- [Data in this exercise]:
......
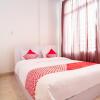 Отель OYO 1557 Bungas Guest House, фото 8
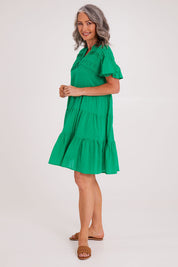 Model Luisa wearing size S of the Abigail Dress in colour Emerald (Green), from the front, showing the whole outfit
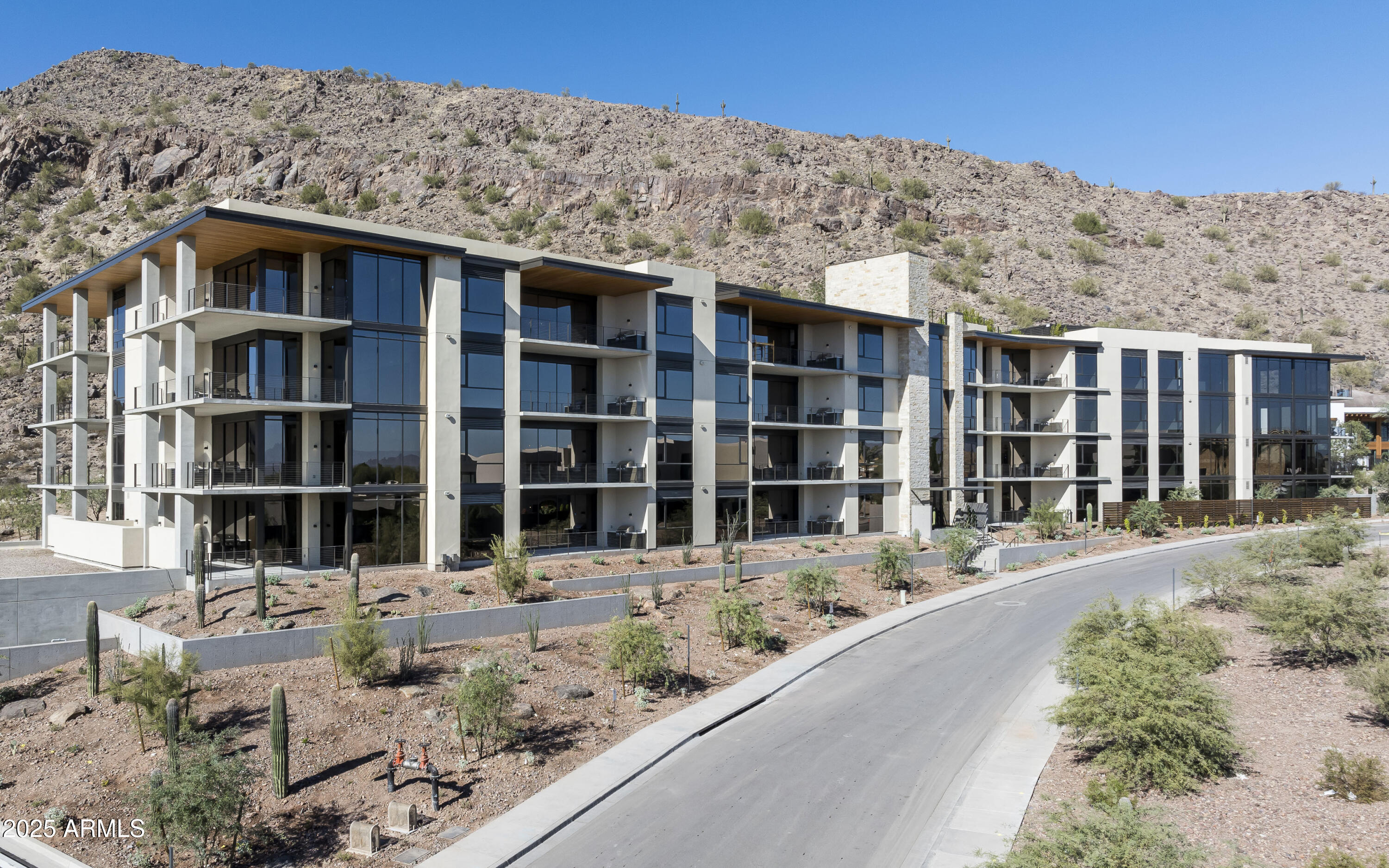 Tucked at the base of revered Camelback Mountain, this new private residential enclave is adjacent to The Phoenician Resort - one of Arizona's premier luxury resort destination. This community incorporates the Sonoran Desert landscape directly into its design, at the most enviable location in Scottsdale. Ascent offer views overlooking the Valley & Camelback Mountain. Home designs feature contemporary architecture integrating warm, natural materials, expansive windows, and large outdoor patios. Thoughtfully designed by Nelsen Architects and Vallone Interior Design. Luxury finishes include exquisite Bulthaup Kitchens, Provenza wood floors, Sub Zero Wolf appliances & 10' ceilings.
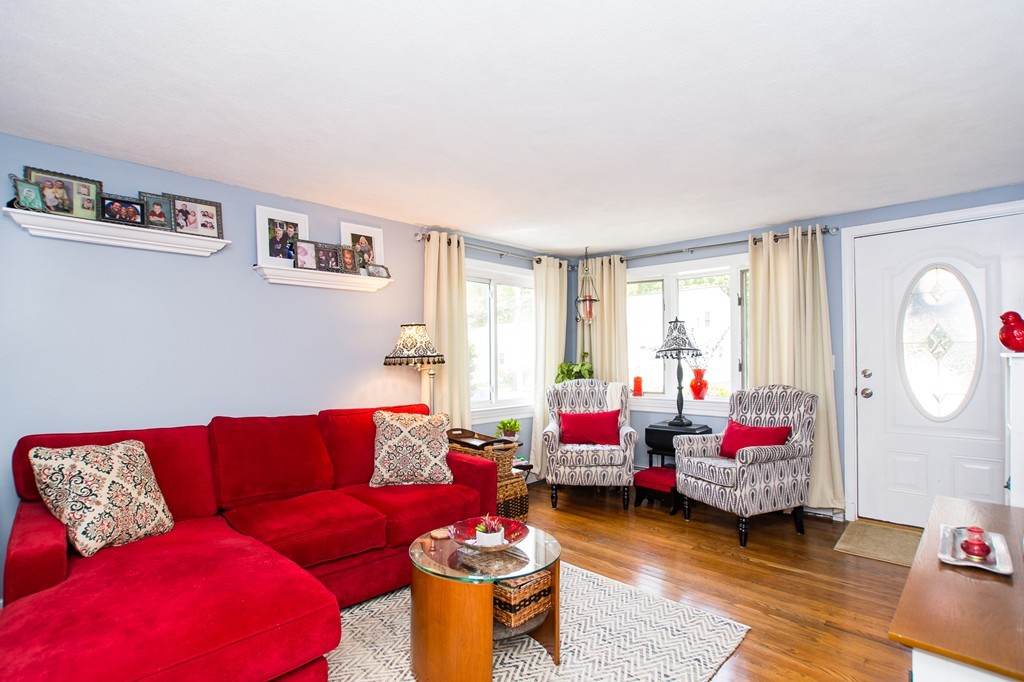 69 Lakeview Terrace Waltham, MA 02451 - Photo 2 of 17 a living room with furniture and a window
......
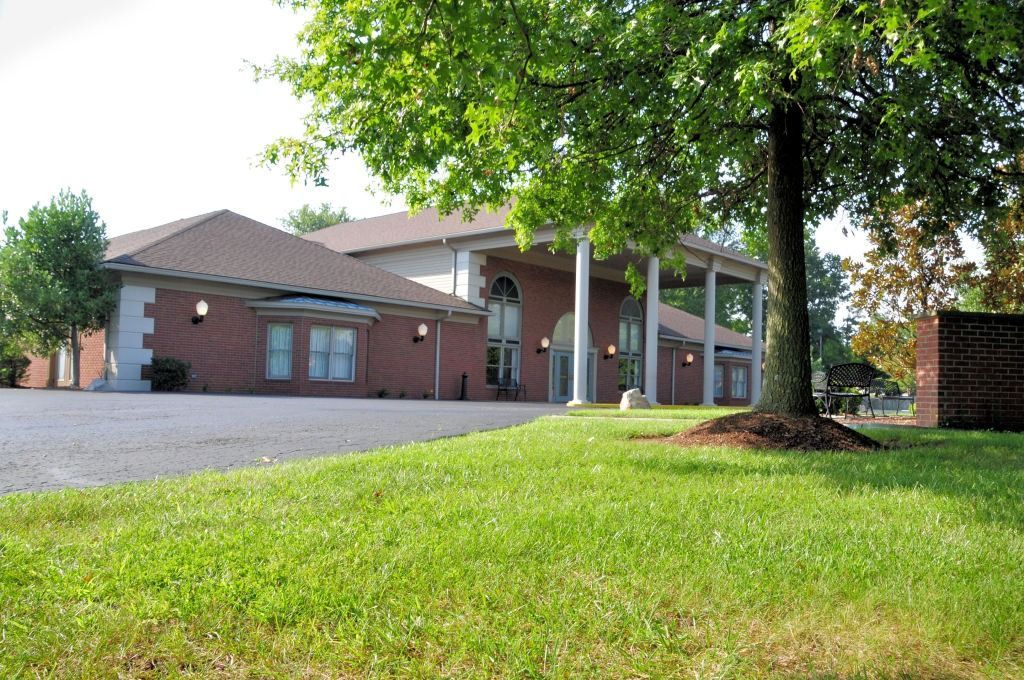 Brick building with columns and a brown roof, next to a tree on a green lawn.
......
- [Work instruction]: Look back over the records above. Reproduce exactly everything from the line with "Отель OYO 1557 Bungas Guest House, фото 8" down to the line with "69 Lakeview Terrace", inclusive, and leave the pictures out.

- [Expected output]:
 Отель OYO 1557 Bungas Guest House, фото 8
 Model Luisa wearing size S of the Abigail Dress in colour Emerald (Green), from the front, showing the whole outfit
 Tucked at the base of revered Camelback Mountain, this new private residential enclave is adjacent to The Phoenician Resort - one of Arizona's premier luxury resort destination. This community incorporates the Sonoran Desert landscape directly into its design, at the most enviable location in Scottsdale. Ascent offer views overlooking the Valley & Camelback Mountain. Home designs feature contemporary architecture integrating warm, natural materials, expansive windows, and large outdoor patios. Thoughtfully designed by Nelsen Architects and Vallone Interior Design. Luxury finishes include exquisite Bulthaup Kitchens, Provenza wood floors, Sub Zero Wolf appliances & 10' ceilings.
 69 Lakeview Terrace Waltham, MA 02451 - Photo 2 of 17 a living room with furniture and a window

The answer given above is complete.